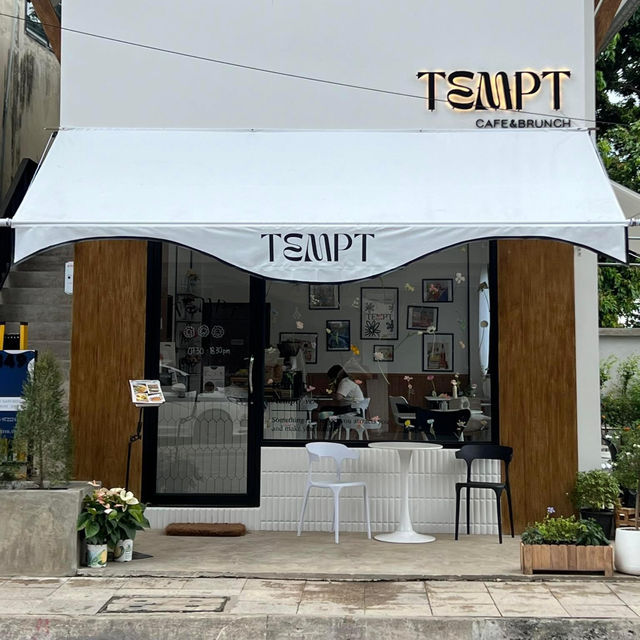 TEMPT Cafe & Brunch 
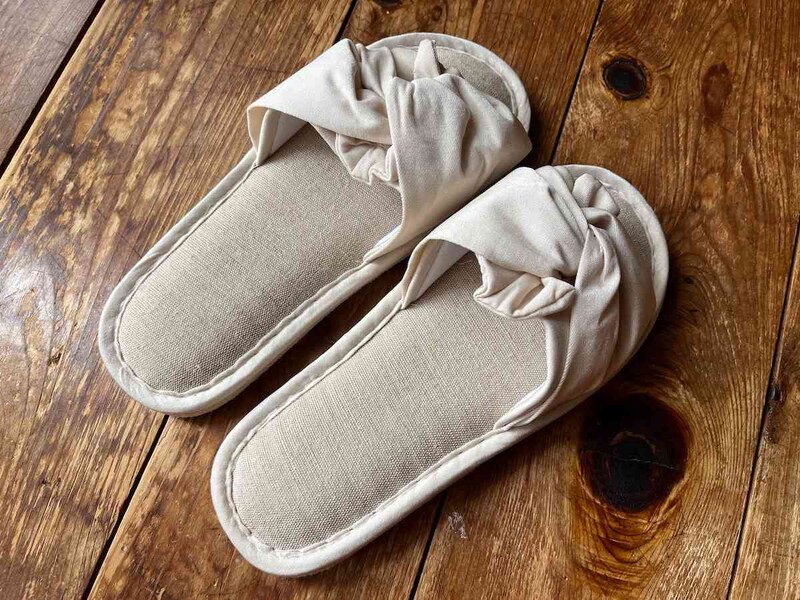 スリーコインズの「ツイストリボンスリッパ」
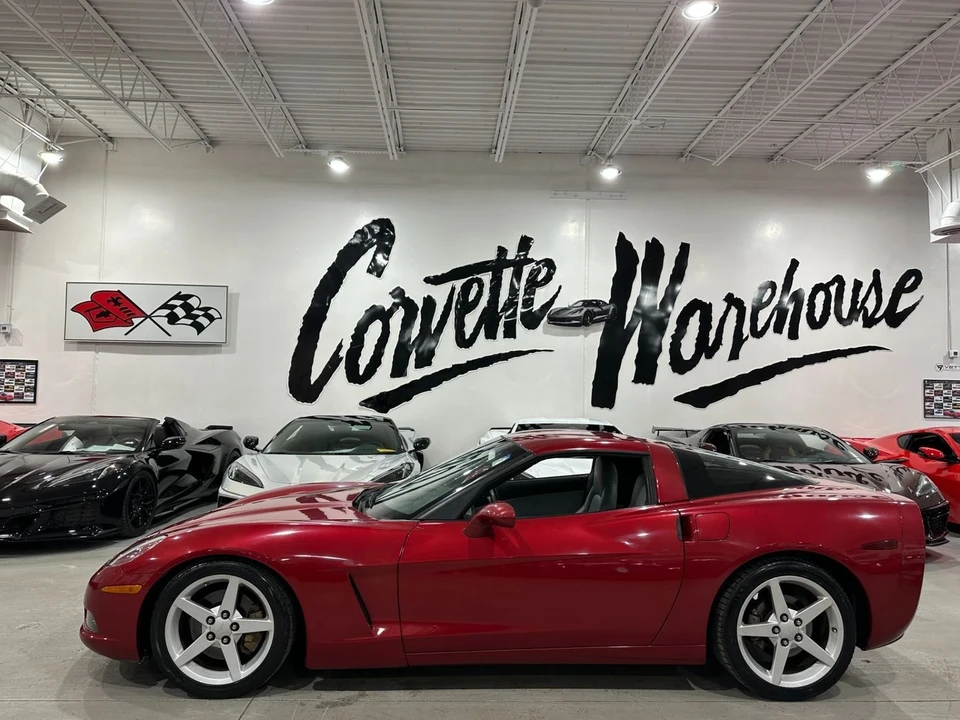 2005 Chevrolet Corvette C6 - Image 2 of 10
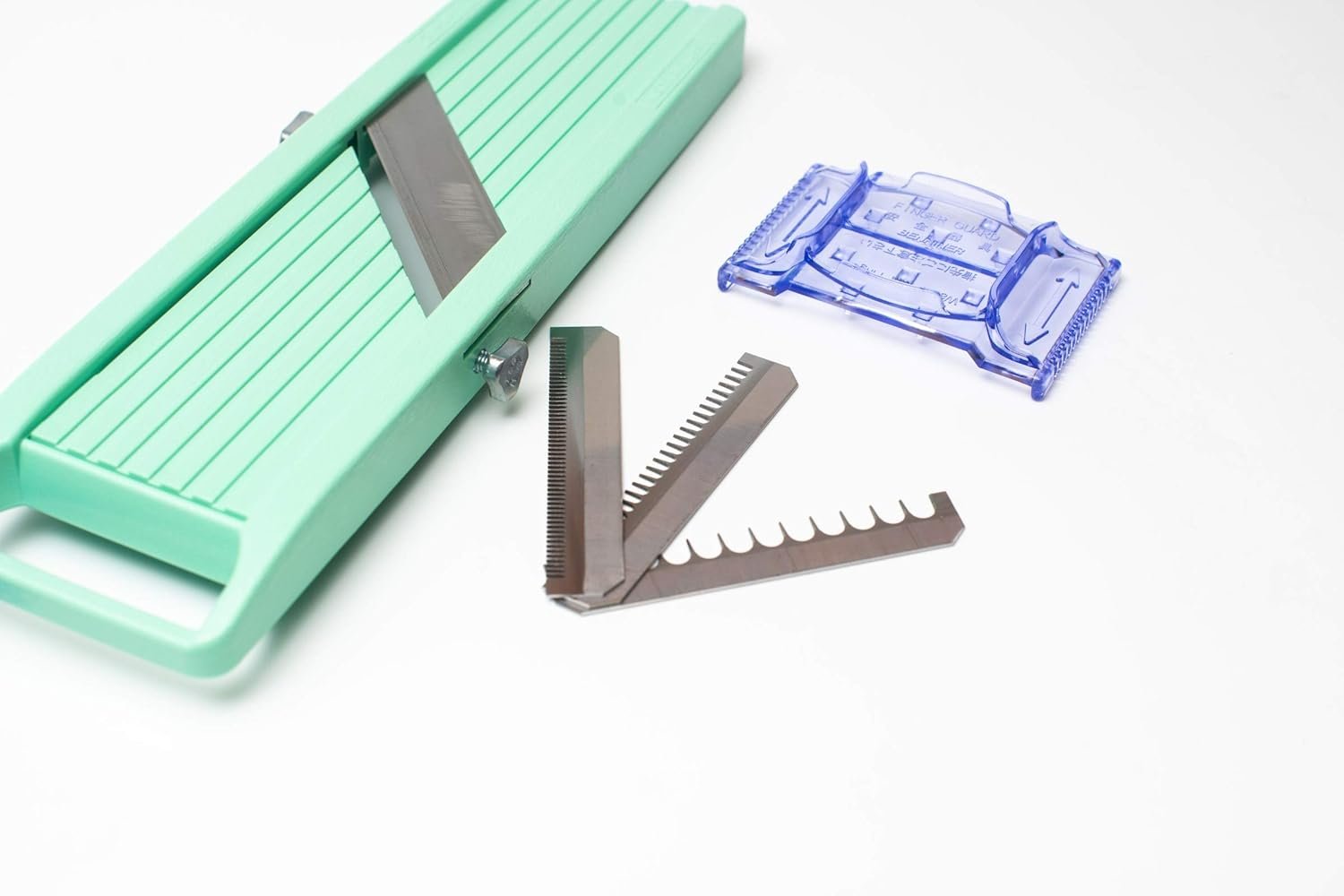 Benriner Japanese Vegetable Slicer, Old Version - Image 4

• _What you have to do_
A word-for-word repetition of the data above, without pictures, is the expected answer.

• _Answer to the exercise_
 TEMPT Cafe & Brunch 
 スリーコインズの「ツイストリボンスリッパ」
 2005 Chevrolet Corvette C6 - Image 2 of 10
 Benriner Japanese Vegetable Slicer, Old Version - Image 4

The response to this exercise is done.